Simple Scheduler Instead of prefetching, the Simple Scheduler maintains a record of the current FPGA configuration and only schedules a reconfiguration on demand if the actor to be executed is not yet in the FPGA. It is reasonable to expect that any prefetching approach should do no worse than the Simple Scheduler. We therefore used the schedule length computed by the Simple Scheduler as the baseline for our comparisons.
Least Mean Square Online Predictor A (LMSA-a)

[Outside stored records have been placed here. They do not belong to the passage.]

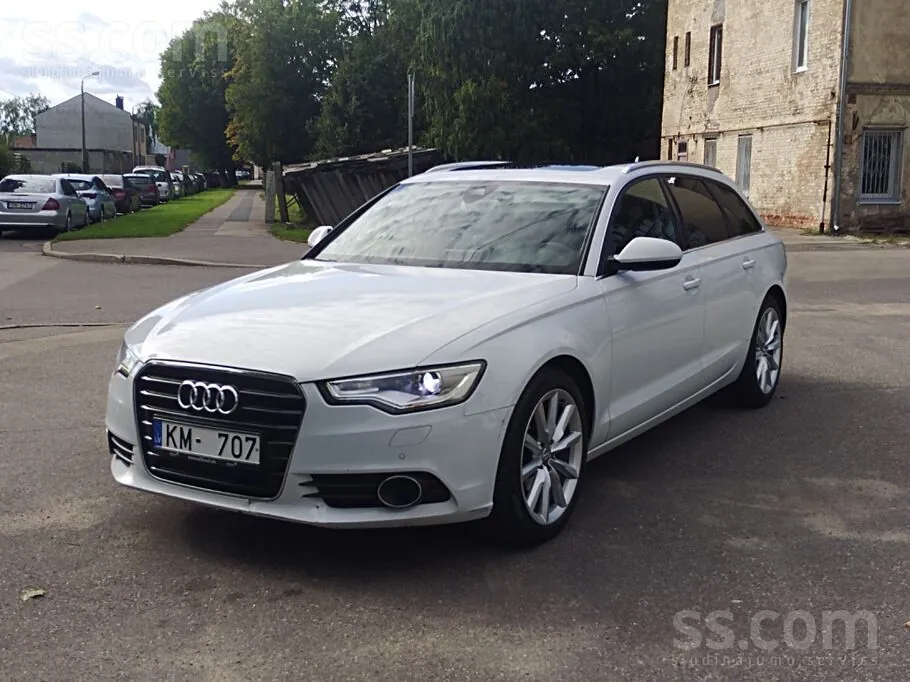 Audi A6 2014 photo 3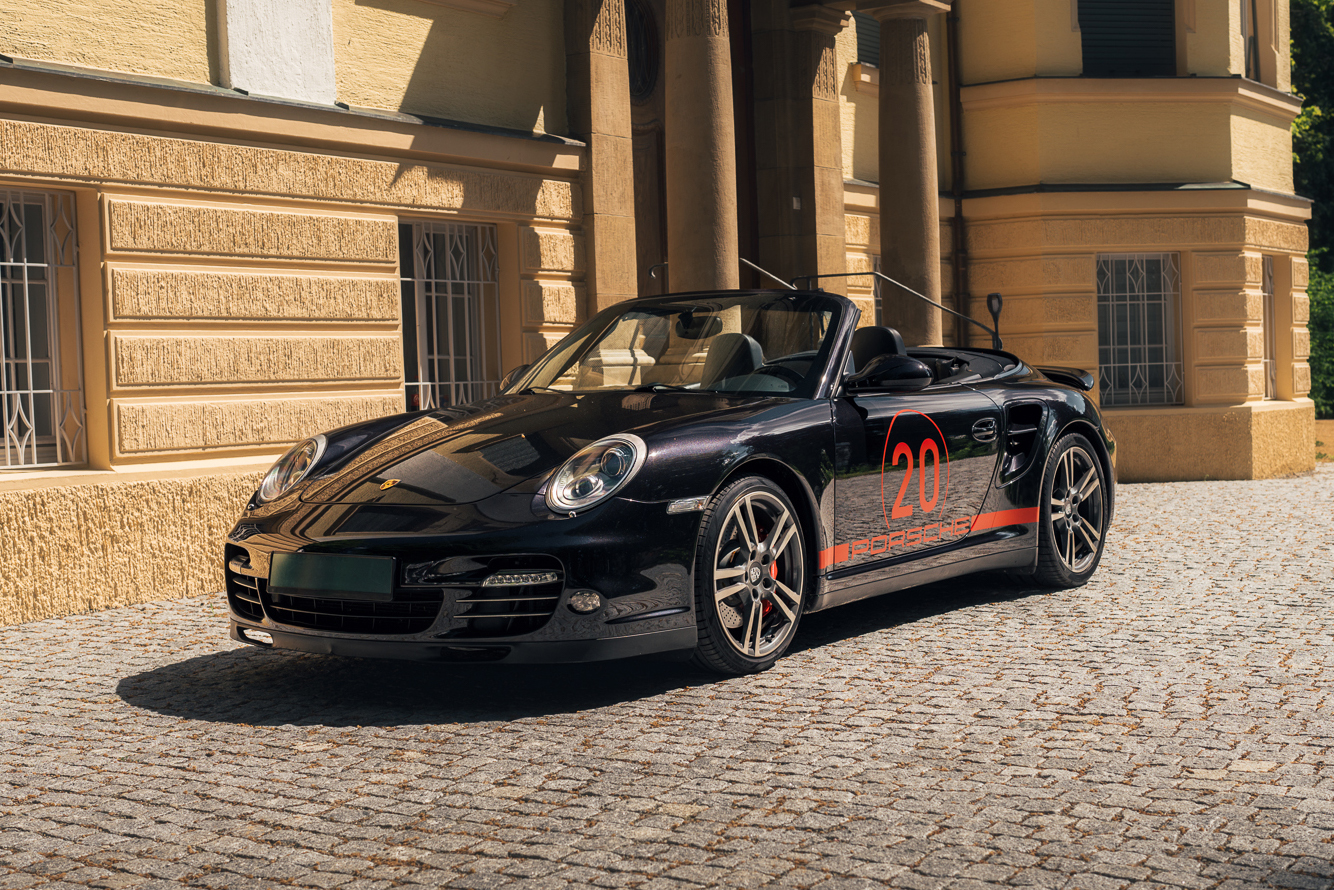 2010 Porsche 911 (997.2) Turbo Cabriolet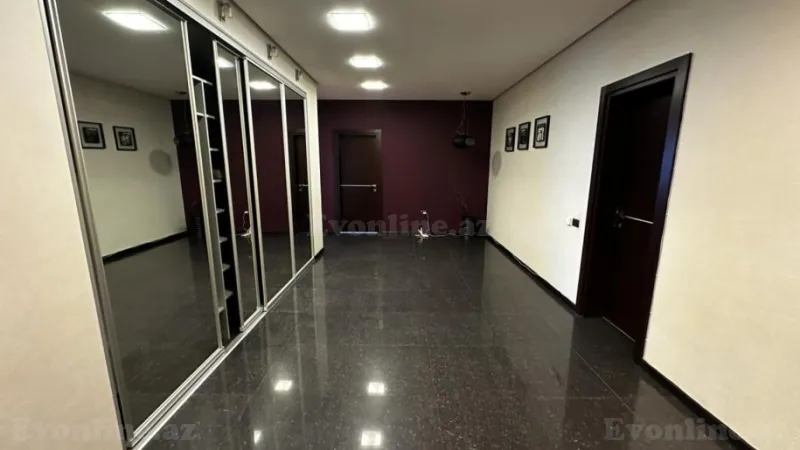 Kirayə verilir 4 otaqlı Mənzil Yeni tikili 200 m² Nəriman Nərimanov m. - şəkil 8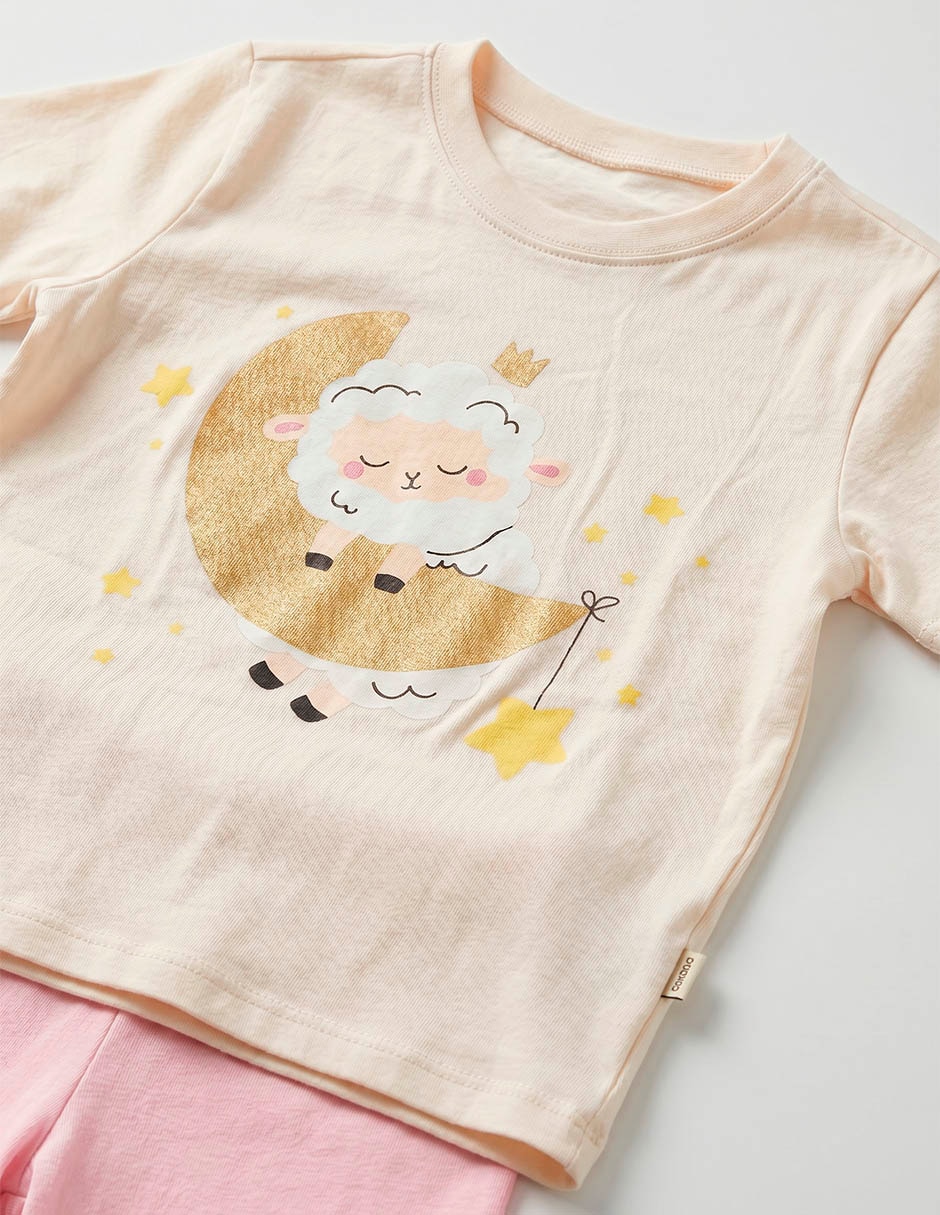 Conjunto pijama para niña 4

This is an online predictor that is similar to that described in [7, 2] . The Least Mean Square Filter is used as the predictor function. However, because the target FPGA architecture considered in our paper is different (their architecture [3] supports relocation and defragmentation), our approach does not use the priority function that is based on the configuration sizes and the different eviction policies. Rather, the hardware module evicted are those in conflict with the module currently being prefetched. Least Mean Square Online Predictor B (LMSA-b) This is a modification of LMSA-a. Instead of predicting the next hardware task, the algorithm predicts and attempts to prefetch the next task that conflicts in placement with the currently scheduled task.
Experimental Results
In order to show the effect of increasing configuration overhead on the schedule length, we ran experiments by varying the reconfiguration speed from between 1µsec to 20µsec per CLB column. Figure 3 shows the performance increase of the different approaches over the schedule produced by the Simple Scheduler. The threshold of the minimum average execution cycles between two conflicting hardware module is set to 1000 cycles for this experiment. We observe that as reconfiguration speed decreases, the performance gain achieved by all the approaches decreases. With a high reconfiguration overhead, execution just has to wait till reconfiguration completes. The single reconfiguration port also becomes a bottle-neck. Over the range of reconfiguration overheads we considered, the schedule produced by MLS outperforms the others in every case. At best, it can be 30 percent better than those produced by the other schemes.
Related works
Configuration prefetching [5, 6, 7, 2, 4] is one of the techniques proposed to reduce the reconfiguration overhead In [7] , the author described a prefetching technique for partially reconfigurable FPGAs, exploiting the overlap between hardware execution and reconfiguration. In particular, a Markov predictor was introduced for deciding on the next reconfiguration operation. An extension of the work was presented in [2] . Morphosys [8] presented a heuristic context scheduling for its coarse-grained reconfigurable architecture.
In most FPGAs and partially reconfigurable FPGAbased platforms such as the Erlangen Slot Machine (ESM) [1, 9] , the reconfiguration interface may be considered as just another resource. Hence, for applications that have static reconfiguration needs, resource-constrained scheduling techniques may be used to schedule FPGA resources and reconfiguration interface simultaneously [4] . In this paper, we consider traces of actors which are requests for hardware activations of complex tasks. Therefore, our work goes beyond earlier ones done mainly on simple unconditional data-flow graphs.